WORK INSTRUCTIONS:
Copy the data exactly. Images are the one exception.

RAW DATA:
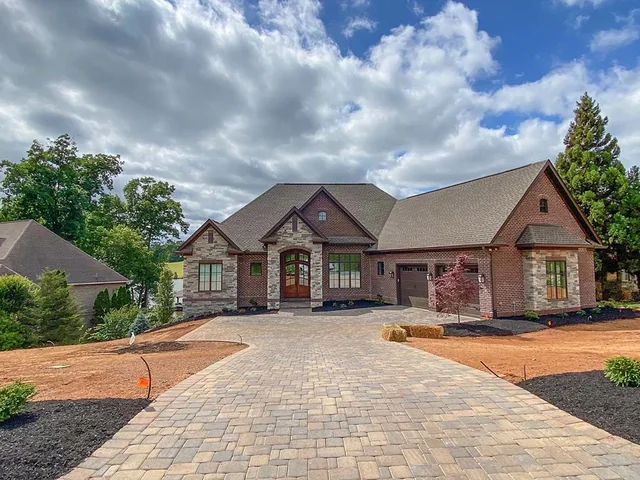 San Martin III: San Martin lll Exterior 1 — Providence Builders home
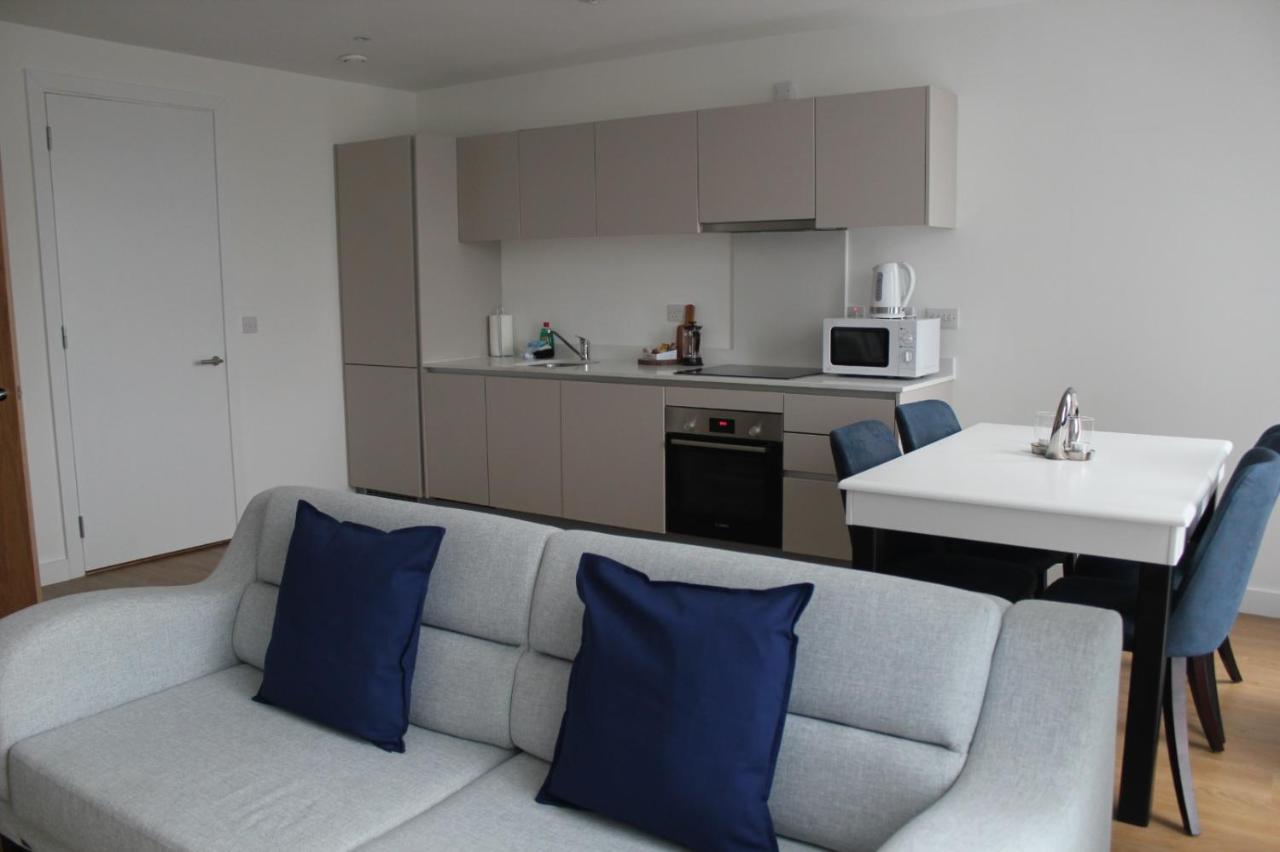 เบิร์คส์ ลักชัวรี เซอร์วิส อพาร์ทเมนท์ Apartment แบล็กเนลล์ ภายนอก รูปภาพ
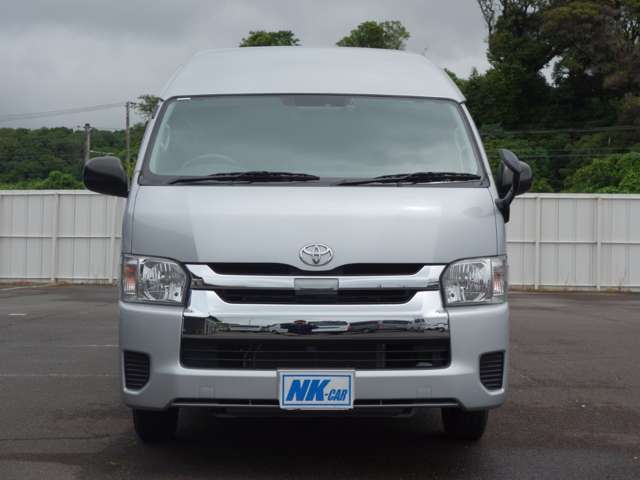 Toyota Hiace Van 2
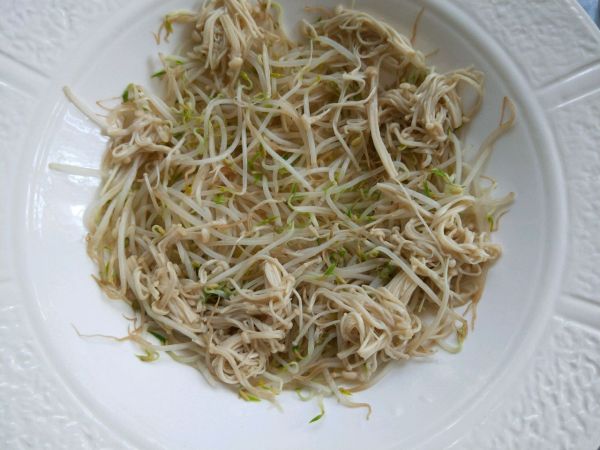 新派菠萝泡椒田鸡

ANSWER BOX:
 San Martin III: San Martin lll Exterior 1 — Providence Builders home
 เบิร์คส์ ลักชัวรี เซอร์วิส อพาร์ทเมนท์ Apartment แบล็กเนลล์ ภายนอก รูปภาพ
 Toyota Hiace Van 2
 新派菠萝泡椒田鸡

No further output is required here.